━━━ Records

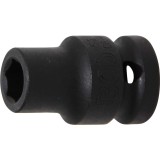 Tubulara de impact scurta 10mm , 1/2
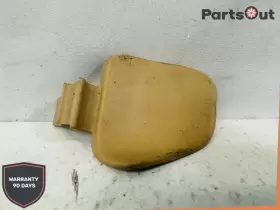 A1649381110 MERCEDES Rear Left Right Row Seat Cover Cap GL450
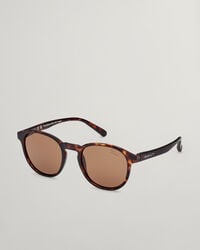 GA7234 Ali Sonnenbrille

━━━━━━
━━━ Records

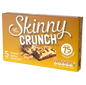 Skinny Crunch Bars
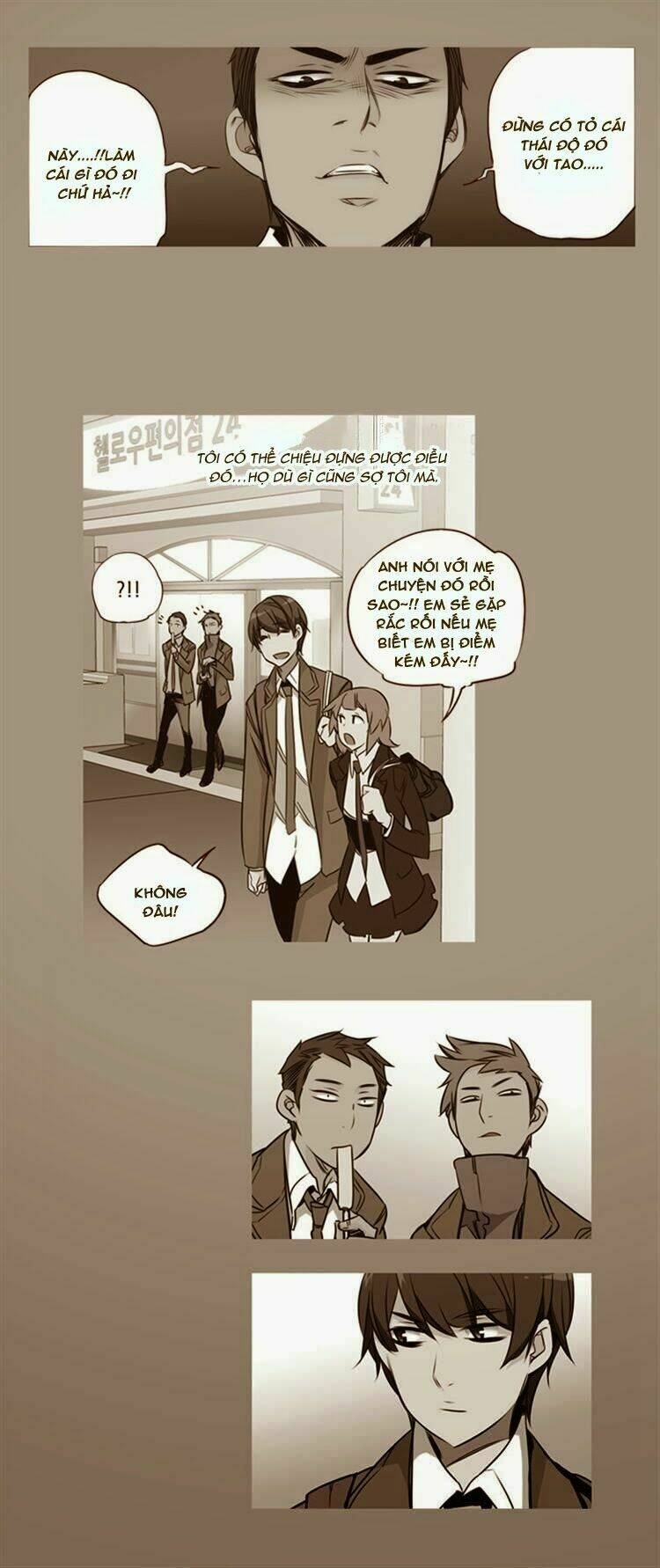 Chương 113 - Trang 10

━━━━━━
━━━ Records

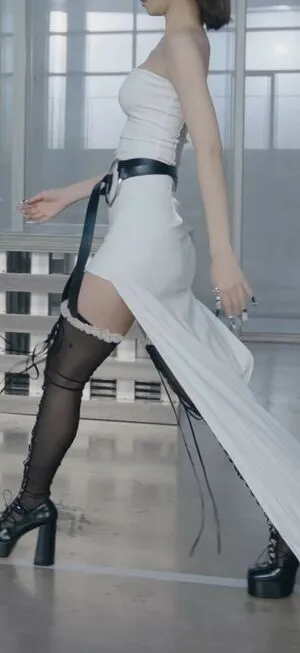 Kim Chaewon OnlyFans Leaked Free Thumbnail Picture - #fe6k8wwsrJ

━━━━━━

▸ What is expected: Each line above that falls between the line with "A1649381110 MERCEDES Rear" and the line with "GA7234 Ali Sonnenbrille" should be printed exactly, together with those two lines, but the pictures should not.

▸ Solution:
 A1649381110 MERCEDES Rear Left Right Row Seat Cover Cap GL450
 GA7234 Ali Sonnenbrille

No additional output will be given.